I’m going to download oxid and give it a whirl. Perhaps it might be just what we need.
I’ll keep an eye on your blog for performance updates
Thanks again!
Magento is not yet code ready, a lot of bugs, slow, upgrade is pain in the ass, code is a mess, no docs, support is overpriced. Magento is generally for small businesses and startups often too costly, too complex and too difficult to implement.
Oxid is mature, easy to follow and they are more than 10 years on the field. You don’t need to think twice to choose.
Varien company is just marketing than good coding and will be long way before will be Magento ready.
Magento is so massively riddled with bugs, it’s not even funny. The fact that they are offering an “Enterprise Edition” and that anyone would even consider it “Enterprise” quality software is beyond me. While an excellent system on many levels, Magento is far from Enterprise class. They can’t even get their taxing to work properly and their coupon promotion logic continually breaks with every new release. Since taxes and promotional logic are two of the most important aspects of ecommerce, how can anyone consider Magento enterprise ready.
I would not recommend Magento to anyone looking for a serious ecommerce platform unless they have a specific need that cannot be delivered by any other platform. On top of that, I can least plenty of features not available in Magento.
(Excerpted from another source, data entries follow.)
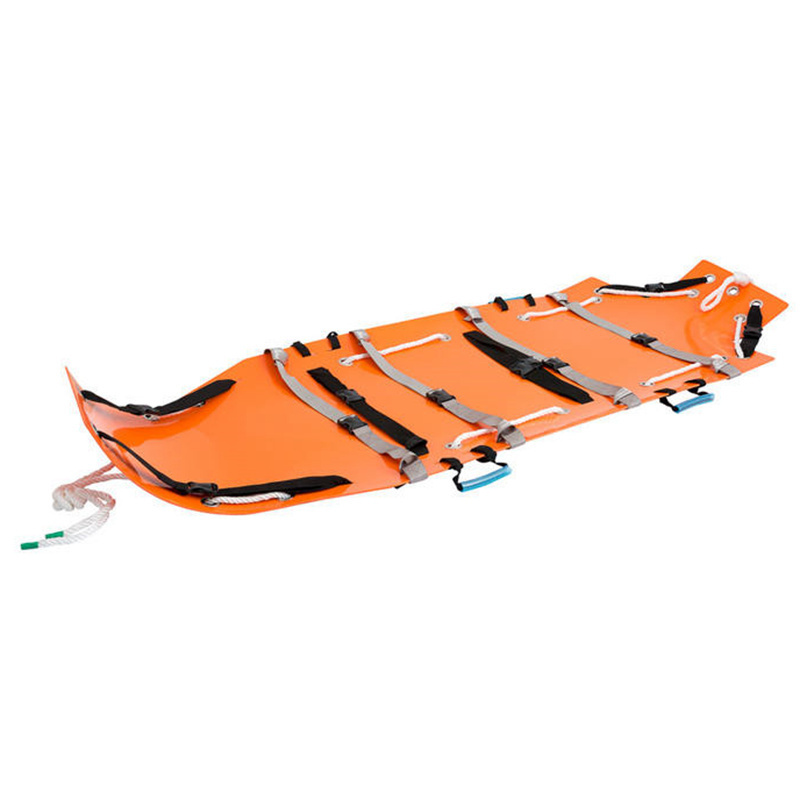 2024 Hot Selling Multifunctional Lift Roll Stretcher for First-Aid Emergency Rescue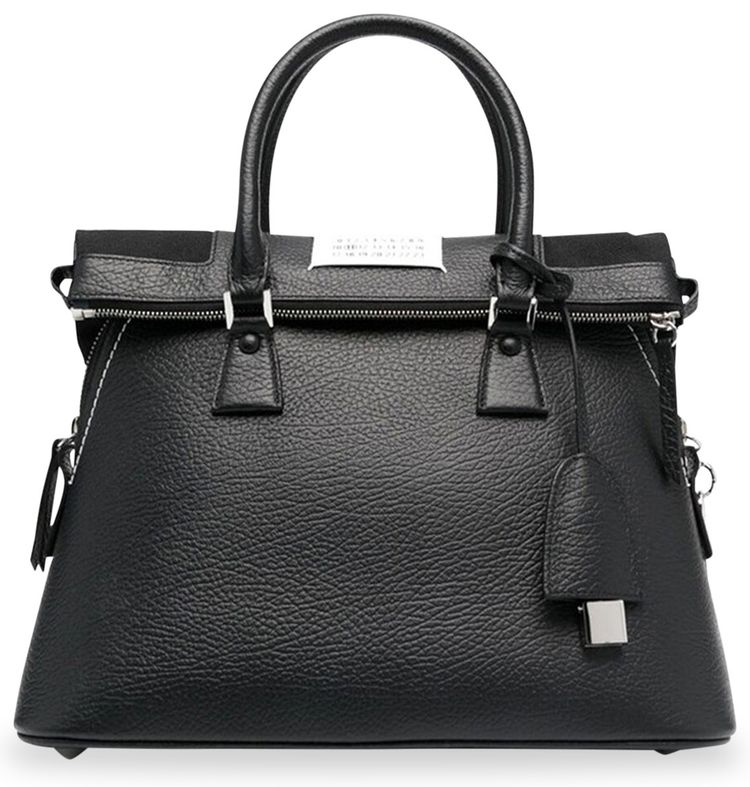 Maison Margiela 5AC Bag Medium Black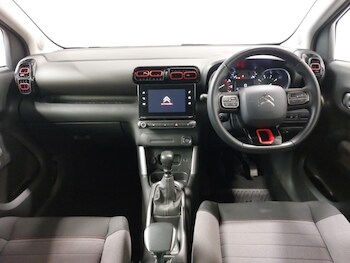 Used Citroen C3 Aircross 2020 for sale - 78369349: Photo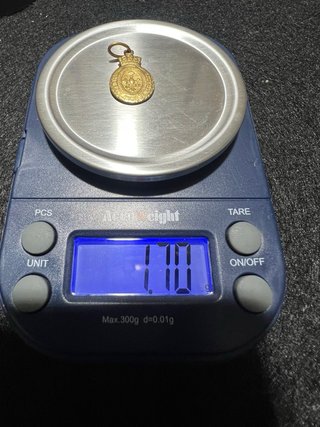 Colgante oro 18k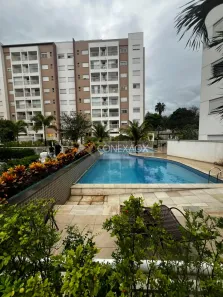 Apartamento com 3 Quartos para alugar, 70m² no Morumbi, Paulínia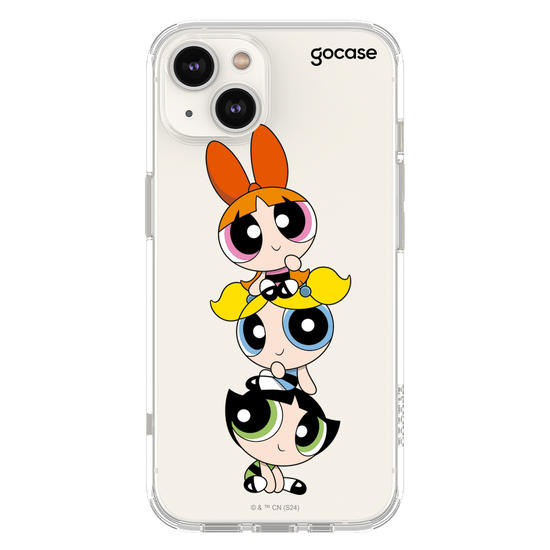 As Meninas Super Poderosas - Pile-up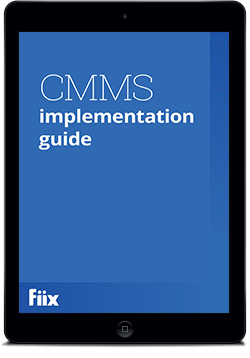 Cmms White Papers Case Studies And E Books Fiix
Perhaps the biggest is the lack of support for recurring billing.
That being said, I don’t think Oxid is a legitimate alternative to Magento.
What are your thoughts on Interchange (www.icdevgroup.com) we are currently using x-cart v4 and waiting on v5 as well as evaluating Magento and Oxid.
OXID is a viable alternative to Magento.
There.
For one thing OXID handles variants (configurable products) so much better. It also allows you to manage inventory per product variant.
Product and option setup is also a breeze – you are not stuck with having to install patches and hacks just to change where your product belongs or what type of product it is. Magento is truly byzantine in that way – heaven forbid if your business grows or changes, or you’ll have to spend a week redoing everything.
There are no bundle products in OXID, but due to the severe inventory management defficiency in Magento, bundled products are not that useful.
And the last and possibly the most important thing why OXID is better than Magento is that I spent 30 minutes administering the installation. 30 minutes. Magento literally takes months to set up and work out a reliable maintenance and update procedure.
Magento is alluring due to its complexity and seeming power, but at the moment it is deeply flawed by its nearly impossible to manage templates, huge resource footprint and missing features that negate many of the promisses of the, in some ways more powerful Magento shop.
In contrast, template editing and expansion in OXID is ridiculously simple. The Smarty tags are simply awesome.
I will of course keep working on and following Magento – perhaps the v1.4 has some real improvements.
And one last and really important thing… OXID is fast. really fast.
Hi branko, thank you very much for these articles. I have been researching magento since yesterday and I have to say that the amount of negative feedback has me worried a little about investing time to learn it.
I’m curious as if you’ve tried to play with Agent-Ohm and if yes, what do you think of it?
Hi guys,
I'm just wondering, since so much time has passed, what you think of this Oxid or any other open-source ecart as a replacement for Magento? How about PrestaShop?